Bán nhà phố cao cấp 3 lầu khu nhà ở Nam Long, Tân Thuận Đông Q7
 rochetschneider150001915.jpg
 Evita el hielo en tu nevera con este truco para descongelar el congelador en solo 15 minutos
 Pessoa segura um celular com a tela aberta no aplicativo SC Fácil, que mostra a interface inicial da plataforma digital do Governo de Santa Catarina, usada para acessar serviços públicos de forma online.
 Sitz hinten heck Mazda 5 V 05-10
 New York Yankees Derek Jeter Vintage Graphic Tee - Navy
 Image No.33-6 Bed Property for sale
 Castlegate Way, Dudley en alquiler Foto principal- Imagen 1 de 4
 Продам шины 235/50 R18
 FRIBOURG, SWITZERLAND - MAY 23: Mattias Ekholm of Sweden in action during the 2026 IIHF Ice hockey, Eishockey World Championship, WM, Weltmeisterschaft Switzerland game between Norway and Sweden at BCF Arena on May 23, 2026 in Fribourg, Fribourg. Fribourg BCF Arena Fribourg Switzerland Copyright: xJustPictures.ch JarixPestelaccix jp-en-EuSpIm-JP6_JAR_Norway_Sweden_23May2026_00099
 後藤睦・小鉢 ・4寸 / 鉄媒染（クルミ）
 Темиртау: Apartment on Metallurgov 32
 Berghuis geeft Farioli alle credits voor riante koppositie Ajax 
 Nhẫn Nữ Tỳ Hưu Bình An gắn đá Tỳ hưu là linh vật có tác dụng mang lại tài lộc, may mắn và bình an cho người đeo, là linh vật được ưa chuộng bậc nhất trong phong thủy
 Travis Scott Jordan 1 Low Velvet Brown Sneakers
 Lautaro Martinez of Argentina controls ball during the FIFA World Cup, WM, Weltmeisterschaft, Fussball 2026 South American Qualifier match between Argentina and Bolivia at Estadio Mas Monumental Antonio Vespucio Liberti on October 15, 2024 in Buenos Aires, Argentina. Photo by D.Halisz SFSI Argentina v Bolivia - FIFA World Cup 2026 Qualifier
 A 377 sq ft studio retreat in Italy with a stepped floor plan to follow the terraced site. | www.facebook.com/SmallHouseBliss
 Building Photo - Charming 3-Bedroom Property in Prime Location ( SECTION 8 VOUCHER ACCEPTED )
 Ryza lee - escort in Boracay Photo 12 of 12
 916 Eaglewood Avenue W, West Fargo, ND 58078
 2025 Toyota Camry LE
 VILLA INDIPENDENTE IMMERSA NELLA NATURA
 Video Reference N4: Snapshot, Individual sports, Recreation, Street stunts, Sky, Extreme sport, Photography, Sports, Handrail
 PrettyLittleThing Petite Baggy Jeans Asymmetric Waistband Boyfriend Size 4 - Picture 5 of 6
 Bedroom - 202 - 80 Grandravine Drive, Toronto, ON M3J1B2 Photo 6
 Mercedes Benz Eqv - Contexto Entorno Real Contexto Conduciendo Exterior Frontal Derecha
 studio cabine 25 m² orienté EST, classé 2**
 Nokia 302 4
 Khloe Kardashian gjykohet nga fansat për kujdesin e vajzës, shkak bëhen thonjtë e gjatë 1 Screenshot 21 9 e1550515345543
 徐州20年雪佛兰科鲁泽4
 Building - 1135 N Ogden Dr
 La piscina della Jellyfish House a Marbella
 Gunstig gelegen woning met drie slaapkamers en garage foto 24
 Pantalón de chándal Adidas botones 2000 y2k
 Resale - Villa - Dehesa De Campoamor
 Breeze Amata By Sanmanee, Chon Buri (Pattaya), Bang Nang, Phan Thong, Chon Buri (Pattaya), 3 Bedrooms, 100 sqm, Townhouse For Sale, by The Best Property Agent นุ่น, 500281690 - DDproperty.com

- _Work to complete_
When copying the data above, please keep exactly the lines from its first line through the line with "Sitz hinten heck Mazda 5 V 05-10", both ends included, and drop the rest.

- _Reply to the task_
Bán nhà phố cao cấp 3 lầu khu nhà ở Nam Long, Tân Thuận Đông Q7
 rochetschneider150001915.jpg
 Evita el hielo en tu nevera con este truco para descongelar el congelador en solo 15 minutos
 Pessoa segura um celular com a tela aberta no aplicativo SC Fácil, que mostra a interface inicial da plataforma digital do Governo de Santa Catarina, usada para acessar serviços públicos de forma online.
 Sitz hinten heck Mazda 5 V 05-10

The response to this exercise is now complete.